Problem to work on:
Word for word, transcribe the lines below and drop the pictures.

Data:

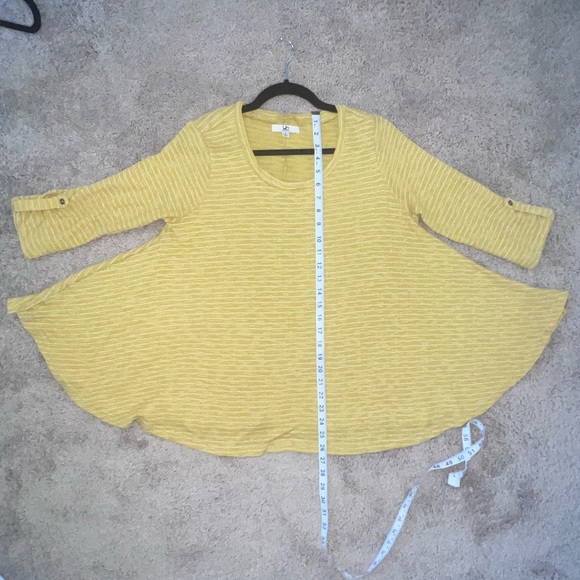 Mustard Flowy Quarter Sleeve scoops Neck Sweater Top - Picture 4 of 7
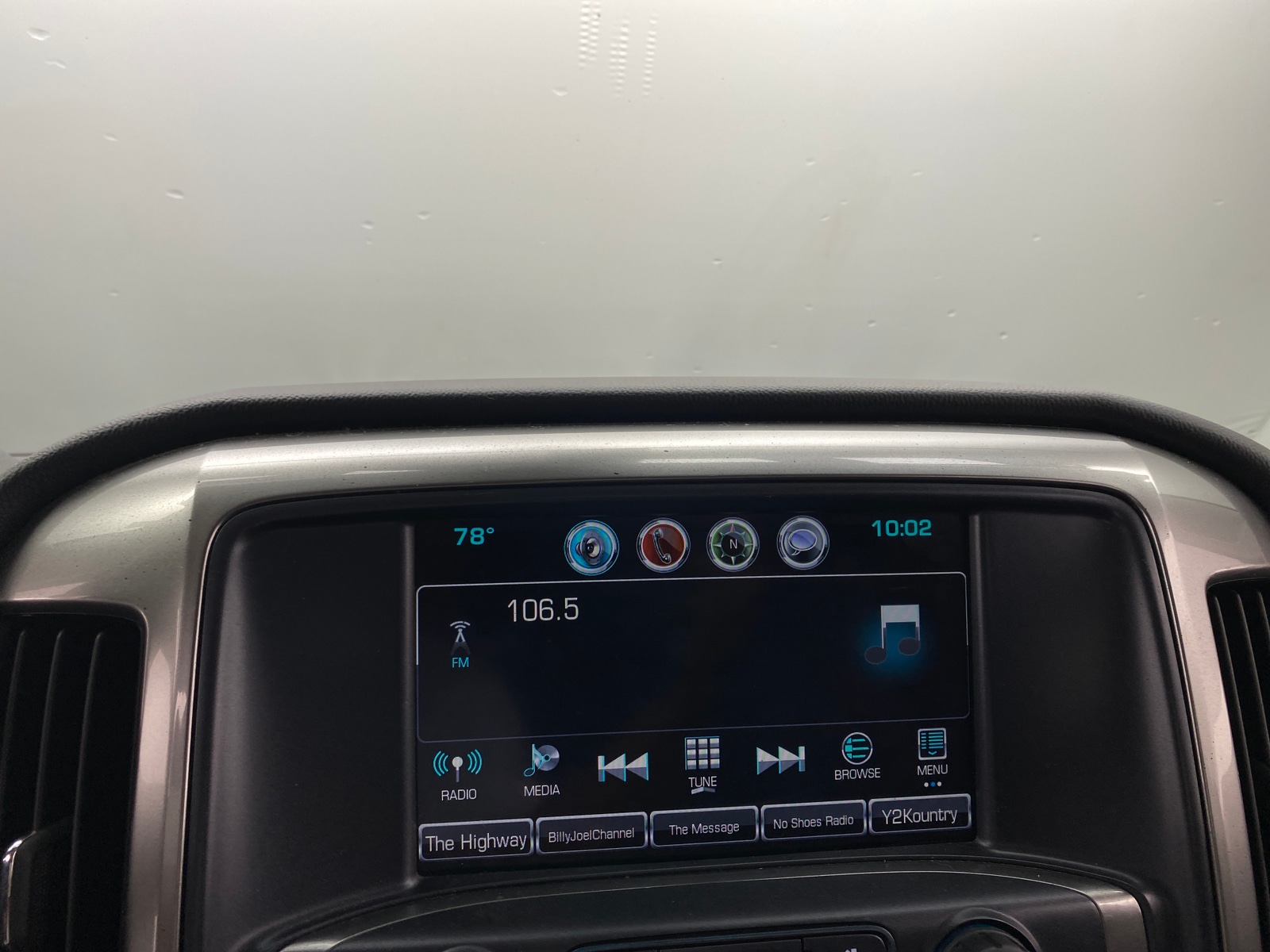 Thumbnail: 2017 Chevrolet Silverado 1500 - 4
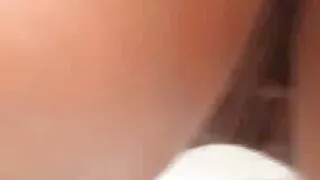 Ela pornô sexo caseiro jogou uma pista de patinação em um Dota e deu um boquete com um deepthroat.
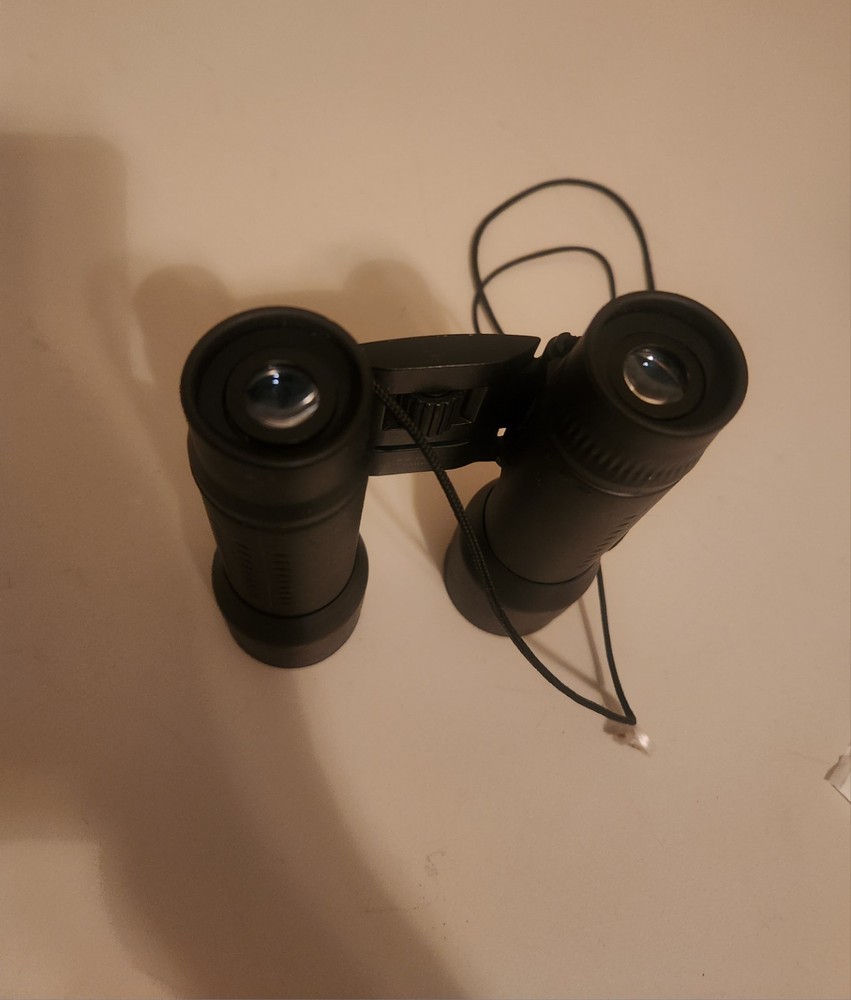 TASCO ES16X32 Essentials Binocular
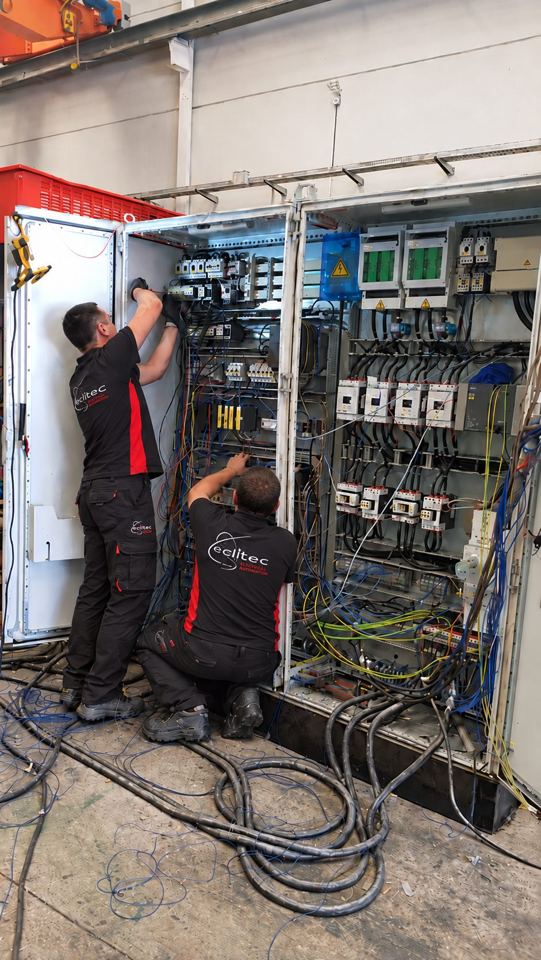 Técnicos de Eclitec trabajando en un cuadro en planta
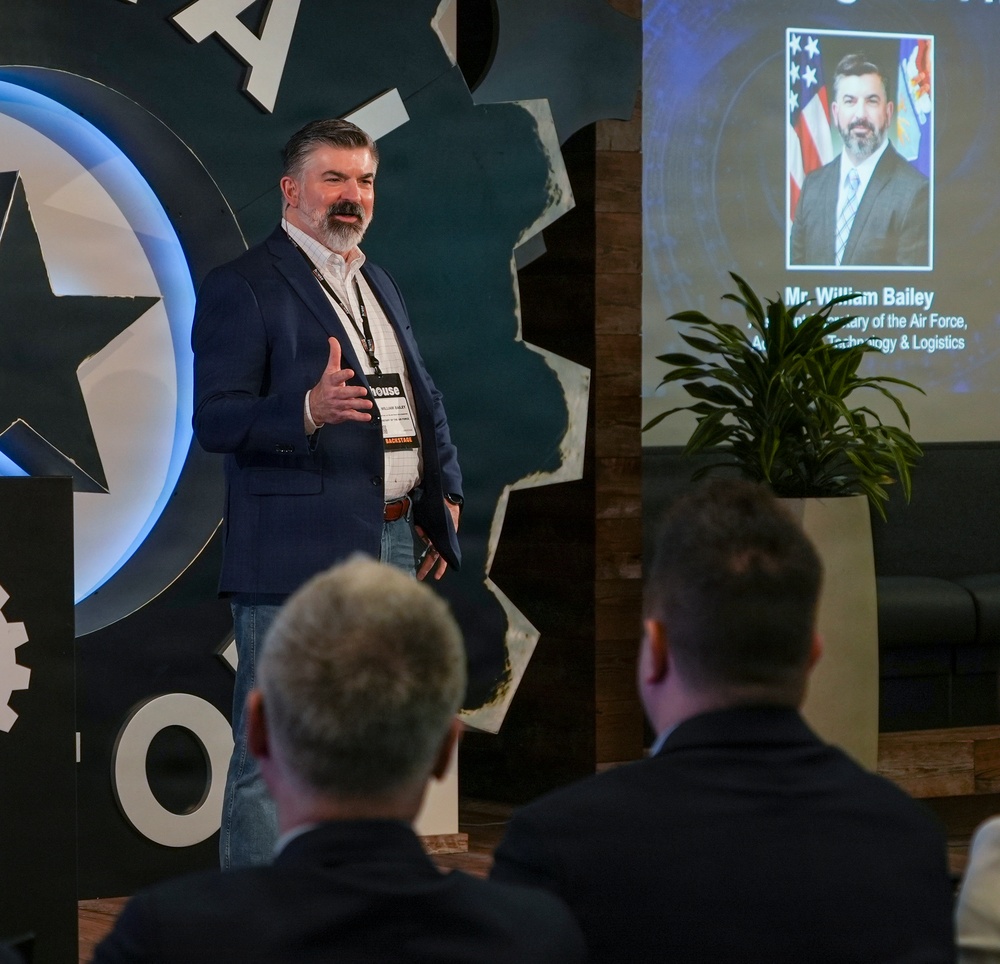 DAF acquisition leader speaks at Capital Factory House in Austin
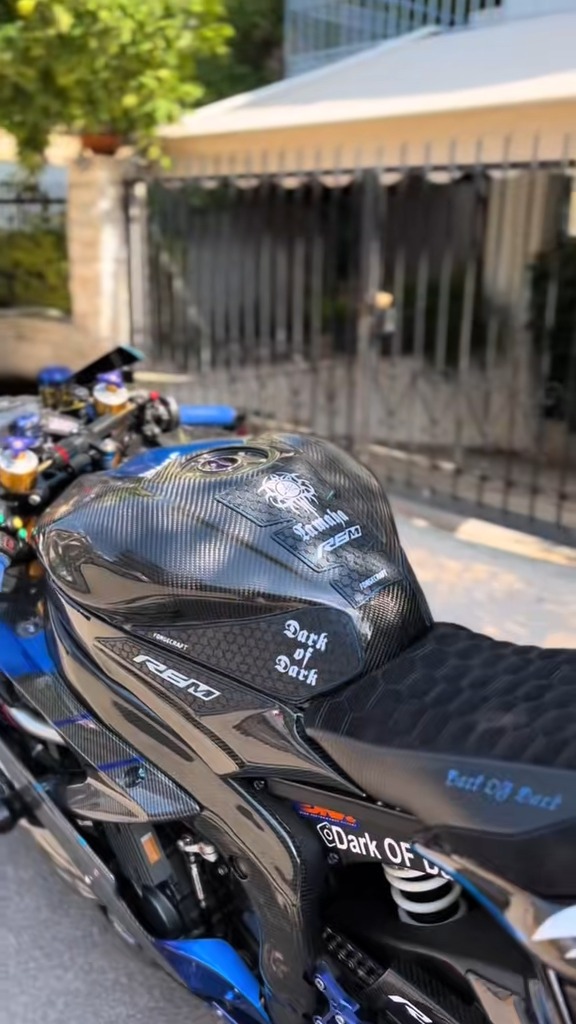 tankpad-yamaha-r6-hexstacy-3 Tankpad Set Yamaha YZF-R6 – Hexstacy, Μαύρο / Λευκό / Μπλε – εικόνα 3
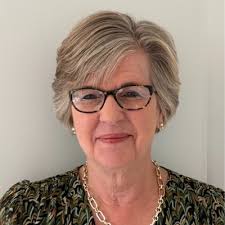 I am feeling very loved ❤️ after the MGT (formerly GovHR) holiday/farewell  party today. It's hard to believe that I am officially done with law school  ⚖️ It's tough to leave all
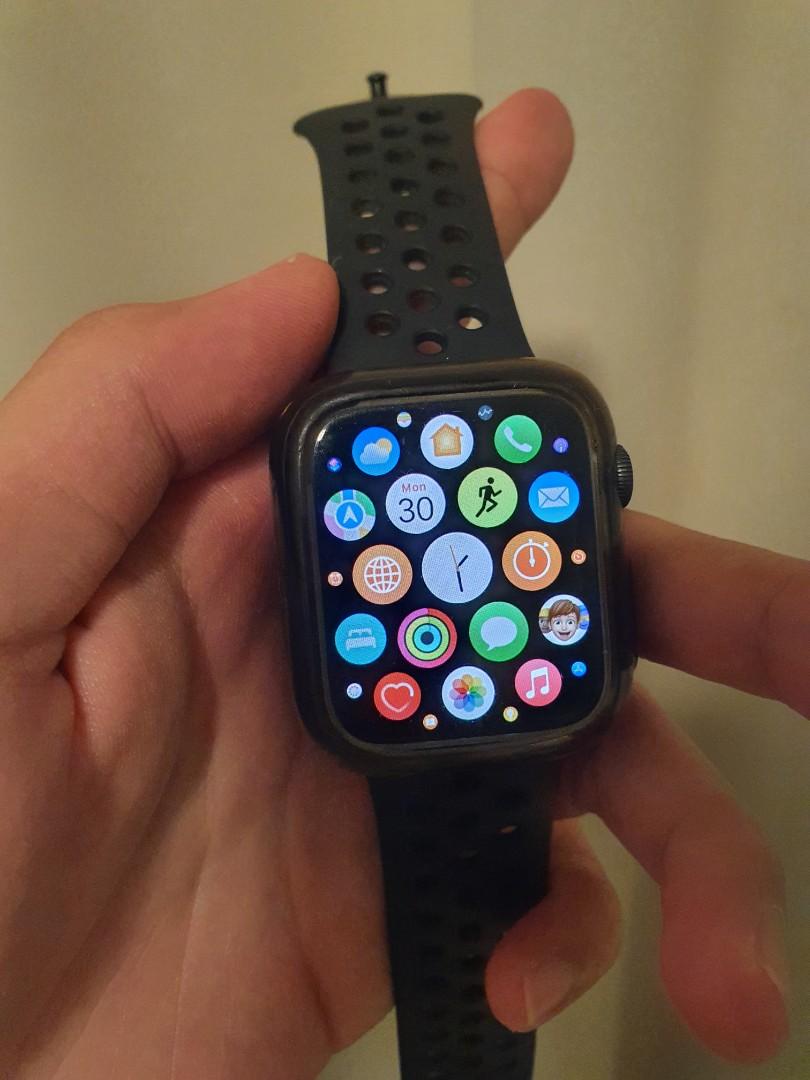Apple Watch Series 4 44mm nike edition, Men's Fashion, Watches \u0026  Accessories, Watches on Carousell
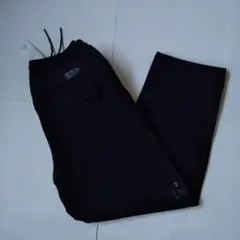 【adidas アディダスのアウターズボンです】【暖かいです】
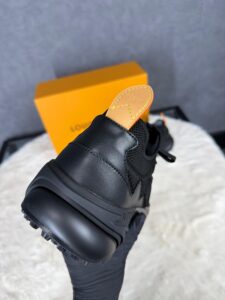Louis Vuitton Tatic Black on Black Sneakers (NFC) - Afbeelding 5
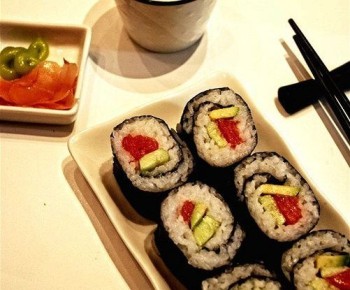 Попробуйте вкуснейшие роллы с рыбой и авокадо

Output for this task:
 Mustard Flowy Quarter Sleeve scoops Neck Sweater Top - Picture 4 of 7
 Thumbnail: 2017 Chevrolet Silverado 1500 - 4
 Ela pornô sexo caseiro jogou uma pista de patinação em um Dota e deu um boquete com um deepthroat.
 TASCO ES16X32 Essentials Binocular
 Técnicos de Eclitec trabajando en un cuadro en planta
 DAF acquisition leader speaks at Capital Factory House in Austin
 tankpad-yamaha-r6-hexstacy-3 Tankpad Set Yamaha YZF-R6 – Hexstacy, Μαύρο / Λευκό / Μπλε – εικόνα 3
 I am feeling very loved ❤️ after the MGT (formerly GovHR) holiday/farewell  party today. It's hard to believe that I am officially done with law school  ⚖️ It's tough to leave all
Apple Watch Series 4 44mm nike edition, Men's Fashion, Watches \u0026  Accessories, Watches on Carousell
 【adidas アディダスのアウターズボンです】【暖かいです】
Louis Vuitton Tatic Black on Black Sneakers (NFC) - Afbeelding 5
 Попробуйте вкуснейшие роллы с рыбой и авокадо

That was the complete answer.